Turkish President Recep Tayyip Erdogan stresses Ankara's determination to boost relations with the European Union in a video talk with German Chancellor Angela Merkel.
Turkish President Recep Tayyip Erdogan has told German Chancellor Angela Merkel in a video call he hopes for a summit with European Union leaders in the first half of 2021 to ease tensions.
The two leaders also discussed issues that would improve cooperation between the two countries, according to a statement by Turkey's Communications Directorate on Monday.
In the video talk, stressing Turkey's determination to boost relations with the EU, Erdogan said Turkey wishes to intensify contacts and have technical talks with the bloc in the period ahead of an EU summit planned to be held in March.
Erdogan also reiterated his expectation on a Turkey-EU summit to be held before the Portugal's presidency of the EU Council ends.
President @RTErdogan held a video conference with Chancellor Angela Merkel of Germany.— Republic of Turkey Directorate of Communications (@Communications) February 8, 2021
Steps aimed at further enhancing the cooperation between Turkey and Germany were discussed, and Turkey-EU relations as well as regional issues were addressed. https://t.co/XflcwgcfFG pic.twitter.com/GnLnACrlNq
Call for a refugee deal update
Highlighting that the EU's fair and constructive approach to Turkey would benefit both sides, Erdogan reiterated his call for updating a refugee deal inked on March 18, 2016.
The 2016 agreement aimed to discourage irregular migration through the Aegean Sea by taking stricter measures against human traffickers and improve the conditions of nearly 4 million Syrian refugees in Turkey.

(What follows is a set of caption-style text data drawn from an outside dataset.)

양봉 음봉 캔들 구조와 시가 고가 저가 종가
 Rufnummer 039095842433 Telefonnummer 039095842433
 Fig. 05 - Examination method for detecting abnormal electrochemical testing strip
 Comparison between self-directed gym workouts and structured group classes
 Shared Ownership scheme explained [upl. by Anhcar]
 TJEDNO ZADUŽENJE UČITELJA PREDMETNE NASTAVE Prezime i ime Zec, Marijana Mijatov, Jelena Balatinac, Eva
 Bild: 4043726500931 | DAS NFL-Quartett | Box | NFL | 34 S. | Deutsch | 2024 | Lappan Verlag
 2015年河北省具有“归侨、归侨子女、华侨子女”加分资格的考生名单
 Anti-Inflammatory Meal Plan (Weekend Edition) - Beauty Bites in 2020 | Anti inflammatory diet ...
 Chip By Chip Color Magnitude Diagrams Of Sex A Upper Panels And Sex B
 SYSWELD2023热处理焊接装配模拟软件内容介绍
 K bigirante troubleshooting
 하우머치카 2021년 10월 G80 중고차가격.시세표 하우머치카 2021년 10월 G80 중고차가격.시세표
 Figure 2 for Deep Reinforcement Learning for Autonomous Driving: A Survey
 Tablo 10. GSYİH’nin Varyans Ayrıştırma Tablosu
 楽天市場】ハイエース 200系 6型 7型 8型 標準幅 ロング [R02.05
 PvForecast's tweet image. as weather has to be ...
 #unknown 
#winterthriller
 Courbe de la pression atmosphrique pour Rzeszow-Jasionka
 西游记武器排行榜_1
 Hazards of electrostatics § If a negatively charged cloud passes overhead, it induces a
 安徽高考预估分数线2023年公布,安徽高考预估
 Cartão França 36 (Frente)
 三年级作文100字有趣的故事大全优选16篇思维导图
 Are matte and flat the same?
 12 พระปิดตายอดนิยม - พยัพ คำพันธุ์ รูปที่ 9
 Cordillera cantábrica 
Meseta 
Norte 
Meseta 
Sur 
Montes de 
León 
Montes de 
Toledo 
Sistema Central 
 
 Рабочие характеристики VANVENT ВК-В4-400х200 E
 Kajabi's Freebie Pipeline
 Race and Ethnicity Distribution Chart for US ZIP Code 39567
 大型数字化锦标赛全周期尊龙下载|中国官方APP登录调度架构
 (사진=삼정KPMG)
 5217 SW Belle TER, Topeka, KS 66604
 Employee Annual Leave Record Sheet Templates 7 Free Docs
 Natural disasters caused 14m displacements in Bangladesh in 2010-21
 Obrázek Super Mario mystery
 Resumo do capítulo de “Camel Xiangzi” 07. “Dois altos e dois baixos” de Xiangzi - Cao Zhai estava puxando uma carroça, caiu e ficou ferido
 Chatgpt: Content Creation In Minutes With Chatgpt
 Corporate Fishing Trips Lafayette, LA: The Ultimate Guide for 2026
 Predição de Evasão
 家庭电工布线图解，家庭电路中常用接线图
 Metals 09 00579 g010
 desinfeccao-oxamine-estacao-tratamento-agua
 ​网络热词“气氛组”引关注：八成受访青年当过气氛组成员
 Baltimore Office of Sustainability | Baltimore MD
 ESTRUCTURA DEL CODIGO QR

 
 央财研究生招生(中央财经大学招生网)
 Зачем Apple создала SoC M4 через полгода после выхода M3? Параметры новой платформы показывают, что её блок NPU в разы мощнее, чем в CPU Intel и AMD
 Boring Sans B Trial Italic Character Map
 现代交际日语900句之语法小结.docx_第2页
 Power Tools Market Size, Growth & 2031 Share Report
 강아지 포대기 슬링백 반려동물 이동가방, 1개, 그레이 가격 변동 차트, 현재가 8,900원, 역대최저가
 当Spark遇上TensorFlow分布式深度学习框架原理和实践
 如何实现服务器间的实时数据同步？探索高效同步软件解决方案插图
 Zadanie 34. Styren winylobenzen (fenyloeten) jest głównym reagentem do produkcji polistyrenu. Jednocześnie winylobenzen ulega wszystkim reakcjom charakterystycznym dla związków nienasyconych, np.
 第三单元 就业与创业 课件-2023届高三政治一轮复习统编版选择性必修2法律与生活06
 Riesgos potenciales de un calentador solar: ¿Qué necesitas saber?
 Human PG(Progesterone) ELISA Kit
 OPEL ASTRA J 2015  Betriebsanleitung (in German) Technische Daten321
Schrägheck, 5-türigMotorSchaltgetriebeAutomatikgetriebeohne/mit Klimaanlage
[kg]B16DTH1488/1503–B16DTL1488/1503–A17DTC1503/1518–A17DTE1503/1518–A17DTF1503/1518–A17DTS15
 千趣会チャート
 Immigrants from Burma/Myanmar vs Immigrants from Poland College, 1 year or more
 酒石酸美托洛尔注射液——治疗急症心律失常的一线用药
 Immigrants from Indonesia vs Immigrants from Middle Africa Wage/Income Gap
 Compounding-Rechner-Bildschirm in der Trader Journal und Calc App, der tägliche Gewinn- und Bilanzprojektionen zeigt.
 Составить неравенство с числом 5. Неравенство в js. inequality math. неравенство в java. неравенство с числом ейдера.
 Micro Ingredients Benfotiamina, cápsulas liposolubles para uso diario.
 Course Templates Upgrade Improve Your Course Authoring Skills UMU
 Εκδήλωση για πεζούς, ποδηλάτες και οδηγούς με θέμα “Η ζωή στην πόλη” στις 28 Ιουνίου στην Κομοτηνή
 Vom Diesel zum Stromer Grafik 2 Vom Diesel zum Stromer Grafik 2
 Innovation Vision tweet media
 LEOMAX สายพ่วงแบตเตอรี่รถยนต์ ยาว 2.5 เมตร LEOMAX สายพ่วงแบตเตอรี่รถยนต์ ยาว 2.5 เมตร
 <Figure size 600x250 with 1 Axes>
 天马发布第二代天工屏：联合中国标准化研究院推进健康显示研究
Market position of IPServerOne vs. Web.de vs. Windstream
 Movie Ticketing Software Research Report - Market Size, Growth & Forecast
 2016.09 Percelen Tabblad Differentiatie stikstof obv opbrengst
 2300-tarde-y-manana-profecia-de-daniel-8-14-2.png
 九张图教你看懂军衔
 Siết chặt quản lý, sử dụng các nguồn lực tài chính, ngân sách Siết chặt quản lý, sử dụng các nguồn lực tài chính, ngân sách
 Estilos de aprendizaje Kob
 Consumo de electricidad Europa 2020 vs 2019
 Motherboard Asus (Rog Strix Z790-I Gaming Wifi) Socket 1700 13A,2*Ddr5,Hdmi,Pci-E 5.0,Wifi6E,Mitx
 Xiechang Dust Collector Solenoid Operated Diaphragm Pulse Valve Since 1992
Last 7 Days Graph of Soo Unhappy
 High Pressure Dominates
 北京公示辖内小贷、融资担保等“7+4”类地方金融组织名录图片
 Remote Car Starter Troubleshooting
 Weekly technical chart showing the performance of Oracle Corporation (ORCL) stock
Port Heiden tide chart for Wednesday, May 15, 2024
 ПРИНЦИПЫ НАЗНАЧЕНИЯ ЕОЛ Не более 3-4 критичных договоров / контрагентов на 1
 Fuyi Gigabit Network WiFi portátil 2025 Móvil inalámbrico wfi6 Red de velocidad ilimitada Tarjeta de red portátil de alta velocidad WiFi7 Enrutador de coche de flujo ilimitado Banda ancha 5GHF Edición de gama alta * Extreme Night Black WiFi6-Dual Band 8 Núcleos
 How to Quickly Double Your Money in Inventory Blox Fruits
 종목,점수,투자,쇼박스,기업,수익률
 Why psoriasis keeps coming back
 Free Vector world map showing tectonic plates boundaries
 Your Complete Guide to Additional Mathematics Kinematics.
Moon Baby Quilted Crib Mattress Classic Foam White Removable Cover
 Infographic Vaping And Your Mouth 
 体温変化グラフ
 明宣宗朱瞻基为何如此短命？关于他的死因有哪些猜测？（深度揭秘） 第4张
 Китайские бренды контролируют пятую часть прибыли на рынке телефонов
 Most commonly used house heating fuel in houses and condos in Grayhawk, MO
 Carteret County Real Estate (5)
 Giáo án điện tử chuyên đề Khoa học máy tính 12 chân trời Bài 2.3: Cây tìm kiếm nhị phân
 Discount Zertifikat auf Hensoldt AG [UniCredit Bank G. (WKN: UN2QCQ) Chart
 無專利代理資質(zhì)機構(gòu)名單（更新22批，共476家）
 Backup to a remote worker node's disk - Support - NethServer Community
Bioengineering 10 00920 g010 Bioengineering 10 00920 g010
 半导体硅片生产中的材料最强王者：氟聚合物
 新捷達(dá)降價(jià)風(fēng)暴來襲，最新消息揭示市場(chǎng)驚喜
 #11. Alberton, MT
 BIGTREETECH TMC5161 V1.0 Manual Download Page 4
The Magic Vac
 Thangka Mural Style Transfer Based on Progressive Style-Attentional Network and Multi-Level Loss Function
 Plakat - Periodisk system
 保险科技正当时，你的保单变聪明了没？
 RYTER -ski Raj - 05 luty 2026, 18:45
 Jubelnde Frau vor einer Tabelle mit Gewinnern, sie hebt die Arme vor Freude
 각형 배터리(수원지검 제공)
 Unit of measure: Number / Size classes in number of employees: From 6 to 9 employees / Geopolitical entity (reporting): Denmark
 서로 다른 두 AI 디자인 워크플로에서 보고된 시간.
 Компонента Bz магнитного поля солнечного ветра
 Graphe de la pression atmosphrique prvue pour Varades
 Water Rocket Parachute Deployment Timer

The deal also allowed for the acceleration of Turkey’s EU membership bid and visa-free travel for Turkish nationals within the Schengen area.
But the relations between the EU and Turkey strained over gas exploration rights in the eastern Mediterranean last year.
EU members Greece and the Greek Cypriot administration have increased their pressure on other EU members to impose sanctions on Turkey during the EU leaders' summit on December 11.
Brussels said last month that "credible gestures" from Erdogan are needed to patch things up.
Ahead of a new leaders' summit on March 25-26, Erdogan told Merkel on Monday that he hoped for "a positive agenda" in Turkey-EU relations.
In its own statement, Merkel's office said she had welcomed "recent positive signals and developments in the eastern Mediterranean."
Turkey, which has the longest continental coastline in the eastern Mediterranean, has rejected maritime boundary claims of Greece and the Greek Cypriot administration, and stressed that these excessive claims violate the sovereign rights of both Turkey and the Turkish Cypriots.
Ankara has sent several drill ships in the past months to explore for energy resources in the eastern Mediterranean, asserting its own rights in the region, as well as those of the Turkish Republic of Northern Cyprus.
Turkish leaders have repeatedly stressed that Ankara is in favour of resolving all outstanding problems in the region through international law, good neighbourly relations, dialogue, and negotiation.